**Dataset records:**
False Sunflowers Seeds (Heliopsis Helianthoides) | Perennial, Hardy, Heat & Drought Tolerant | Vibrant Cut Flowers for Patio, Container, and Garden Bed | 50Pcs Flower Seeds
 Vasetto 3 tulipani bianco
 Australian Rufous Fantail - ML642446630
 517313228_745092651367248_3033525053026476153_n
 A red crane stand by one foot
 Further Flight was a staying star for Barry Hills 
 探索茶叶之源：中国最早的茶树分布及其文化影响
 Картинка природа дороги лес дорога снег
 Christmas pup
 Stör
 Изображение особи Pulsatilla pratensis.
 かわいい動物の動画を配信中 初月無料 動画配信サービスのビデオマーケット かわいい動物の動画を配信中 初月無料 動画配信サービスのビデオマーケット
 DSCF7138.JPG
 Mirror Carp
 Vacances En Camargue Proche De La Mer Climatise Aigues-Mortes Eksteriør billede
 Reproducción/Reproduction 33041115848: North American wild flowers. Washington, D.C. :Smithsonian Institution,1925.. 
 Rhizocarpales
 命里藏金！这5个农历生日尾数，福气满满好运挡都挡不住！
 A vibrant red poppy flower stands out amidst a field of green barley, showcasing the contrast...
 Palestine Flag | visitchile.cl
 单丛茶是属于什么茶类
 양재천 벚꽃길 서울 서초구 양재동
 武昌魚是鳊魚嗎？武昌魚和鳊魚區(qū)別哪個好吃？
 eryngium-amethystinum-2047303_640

**How to complete this task:**
Copy out each line of the material above, word for word, from the first down to the line containing "A red crane stand by one foot". Add nothing.

**Answer to the problem:**
False Sunflowers Seeds (Heliopsis Helianthoides) | Perennial, Hardy, Heat & Drought Tolerant | Vibrant Cut Flowers for Patio, Container, and Garden Bed | 50Pcs Flower Seeds
 Vasetto 3 tulipani bianco
 Australian Rufous Fantail - ML642446630
 517313228_745092651367248_3033525053026476153_n
 A red crane stand by one foot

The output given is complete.